(Dataset)
☆ ☆ ☆ ☆ ☆ ☆ ☆
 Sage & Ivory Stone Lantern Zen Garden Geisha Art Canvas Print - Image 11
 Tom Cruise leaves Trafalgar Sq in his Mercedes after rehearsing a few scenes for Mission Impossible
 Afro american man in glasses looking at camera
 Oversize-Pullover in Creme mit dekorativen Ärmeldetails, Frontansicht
☆ ☆ ☆ ☆ ☆ ☆ ☆
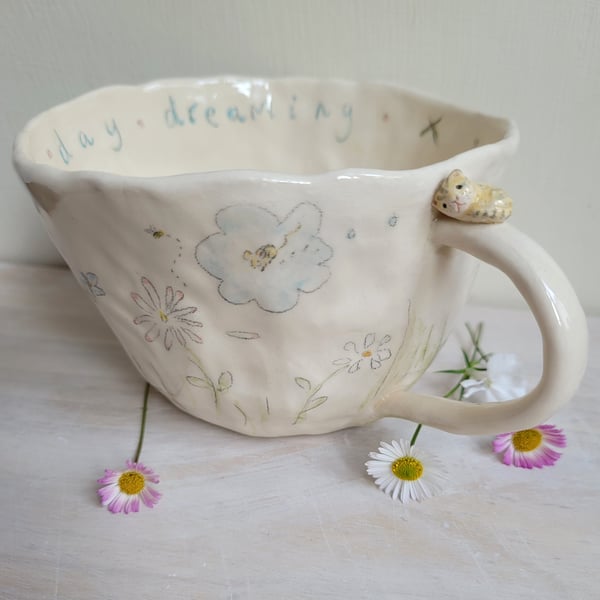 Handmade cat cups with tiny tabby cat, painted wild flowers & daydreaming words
☆ ☆ ☆ ☆ ☆ ☆ ☆
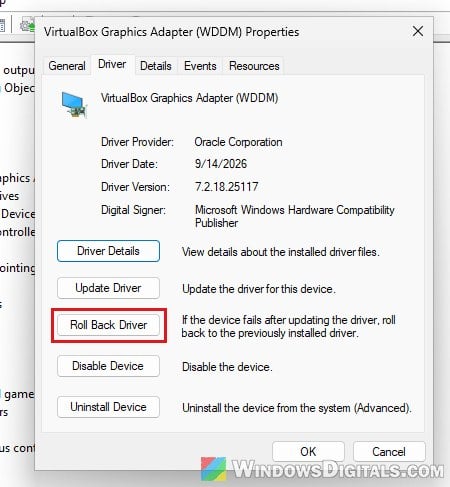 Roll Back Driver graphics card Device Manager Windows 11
☆ ☆ ☆ ☆ ☆ ☆ ☆
(Exercise details)
Return exactly, and only, the lines above starting at the line that contains "Sage & Ivory" and ending at the line that contains "Afro american man".

(Output)
 Sage & Ivory Stone Lantern Zen Garden Geisha Art Canvas Print - Image 11
 Tom Cruise leaves Trafalgar Sq in his Mercedes after rehearsing a few scenes for Mission Impossible
 Afro american man in glasses looking at camera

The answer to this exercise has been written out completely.